Comentario: Rev. D. Carles ELÍAS i
Cao (Barcelona, España)
Hoy viernes, cuando
sólo falta una semana para conmemorar la muerte del Señor, el Evangelio nos
presenta los motivos de su condena. Jesús trata de mostrar la verdad, pero los
judíos lo tienen por blasfemo y reo de lapidación. Jesús habla de las obras que
realiza, obras de Dios que lo acreditan, de cómo puede darse a sí mismo el
título de “Hijo de Dios”... Sin embargo, habla desde unas categorías difíciles
de entender para sus adversarios: “estar en la verdad”, “escuchar su voz”...;
les habla desde el seguimiento y el compromiso con su persona que hacen que
Jesús sea conocido y amado —«Maestro, ¿dónde vives?», le preguntaron los
discípulos al inicio de su ministerio (Jn 1,38)—. Pero todo parece inútil: es
tan grande lo que Jesús intenta decir que no pueden entenderlo, solamente lo
podrán comprender los pequeños y sencillos, porque el Reino está escondido a
los sabios y entendidos.
Jesús lucha por
presentar argumentos que puedan aceptar, pero el intento es en vano.

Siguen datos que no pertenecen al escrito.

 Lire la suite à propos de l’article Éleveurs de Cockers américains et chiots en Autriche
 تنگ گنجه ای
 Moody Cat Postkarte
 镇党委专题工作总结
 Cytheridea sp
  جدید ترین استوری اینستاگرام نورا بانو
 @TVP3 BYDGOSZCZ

En el
fondo, morirá por decir la verdad sobre sí mismo, por ser fiel a sí mismo, a su
identidad y a su misión. Como profeta, presentará una llamada a la conversión y
será rechazado, un nuevo rostro de Dios y será escupido, una nueva fraternidad
y será abandonado.
De nuevo se alza la
Cruz del Señor con toda su fuerza como estandarte verdadero, como única razón
indiscutible: «¡Oh admirable virtud de la santa cruz! ¡Oh inefable gloria del
Padre! En ella podemos considerar el tribunal del Señor, el juicio del mundo y
el poder del crucificado. ¡Oh, sí, Señor: atrajiste a ti todas las cosas
cuando, teniendo extendidas todo el día tus manos hacia el pueblo incrédulo y
rebelde (cf. Is 65,2), el universo entero comprendió que debía rendir homenaje
a tu majestad!» (San León Magno). Jesús ha de huir al otro lado del Jordán y quienes
de veras creen el Él se trasladan allí dispuestos a seguirle y a escucharle.